Each record is to be copied exactly as written.

Records from a data collection —
--------------------

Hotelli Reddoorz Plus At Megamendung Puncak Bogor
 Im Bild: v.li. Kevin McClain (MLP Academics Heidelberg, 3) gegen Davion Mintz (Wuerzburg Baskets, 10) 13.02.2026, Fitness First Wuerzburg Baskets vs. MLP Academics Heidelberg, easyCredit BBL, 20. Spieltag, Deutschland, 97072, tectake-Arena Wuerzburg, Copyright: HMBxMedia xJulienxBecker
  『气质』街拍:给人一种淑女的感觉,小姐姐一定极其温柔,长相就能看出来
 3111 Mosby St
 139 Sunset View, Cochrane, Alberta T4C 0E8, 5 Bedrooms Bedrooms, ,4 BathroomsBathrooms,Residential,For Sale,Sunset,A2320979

--------------------

Answer box —
Hotelli Reddoorz Plus At Megamendung Puncak Bogor
 Im Bild: v.li. Kevin McClain (MLP Academics Heidelberg, 3) gegen Davion Mintz (Wuerzburg Baskets, 10) 13.02.2026, Fitness First Wuerzburg Baskets vs. MLP Academics Heidelberg, easyCredit BBL, 20. Spieltag, Deutschland, 97072, tectake-Arena Wuerzburg, Copyright: HMBxMedia xJulienxBecker
  『气质』街拍:给人一种淑女的感觉,小姐姐一定极其温柔,长相就能看出来
 3111 Mosby St
 139 Sunset View, Cochrane, Alberta T4C 0E8, 5 Bedrooms Bedrooms, ,4 BathroomsBathrooms,Residential,For Sale,Sunset,A2320979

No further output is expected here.